▶ Work order:
Please output every entry below exactly as written, leaving out any pictures.
────────
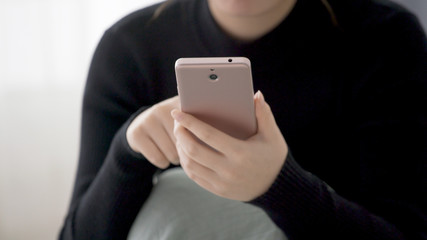 スマートフォンを操作している女性	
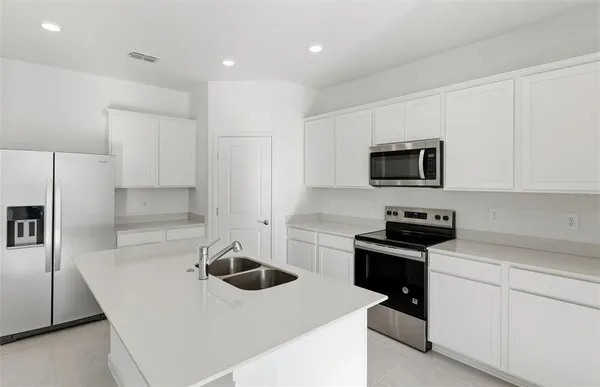 $424,480 | 11249 Sycamore Glen Road, Thonotosassa, FL 33592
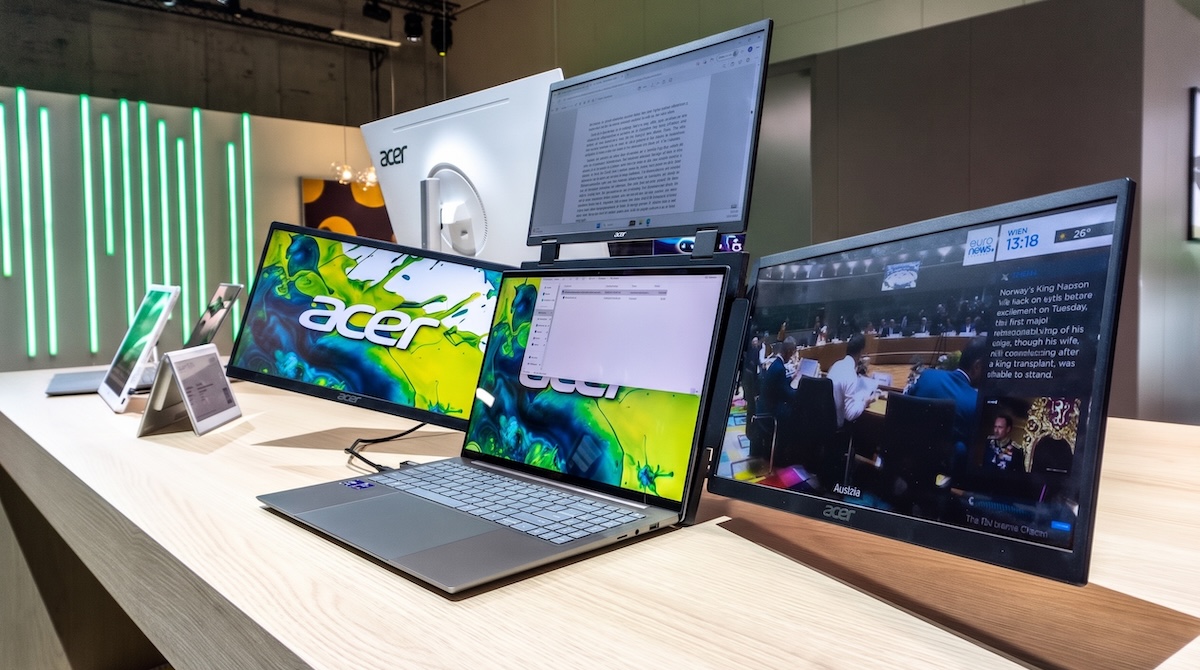 Chcę tę przystawkę z trzema ekranami. Acer odleciał ze sprzętami i dobrze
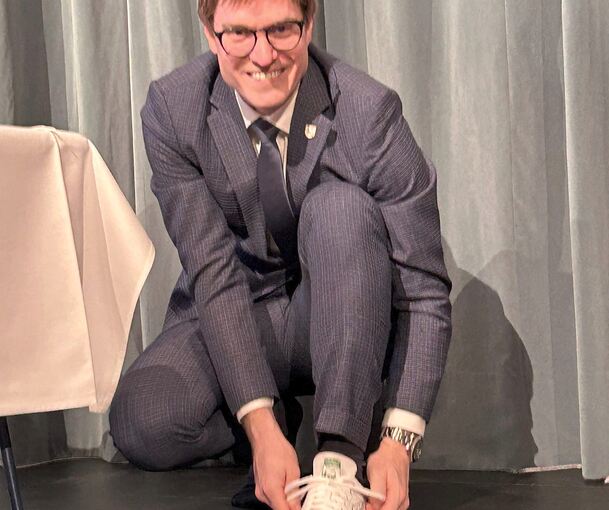 Markus Kleemann mit seinen neuen, weißen Turnschuhen.Foto: Patricia Rapp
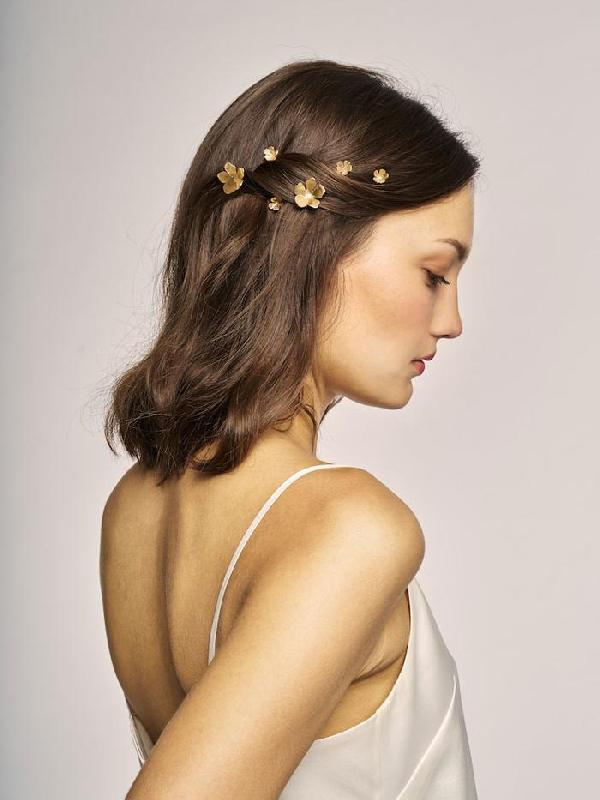 Bridal accessories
────────
▶ Response below:
 スマートフォンを操作している女性	
 $424,480 | 11249 Sycamore Glen Road, Thonotosassa, FL 33592
 Chcę tę przystawkę z trzema ekranami. Acer odleciał ze sprzętami i dobrze
 Markus Kleemann mit seinen neuen, weißen Turnschuhen.Foto: Patricia Rapp
 Bridal accessories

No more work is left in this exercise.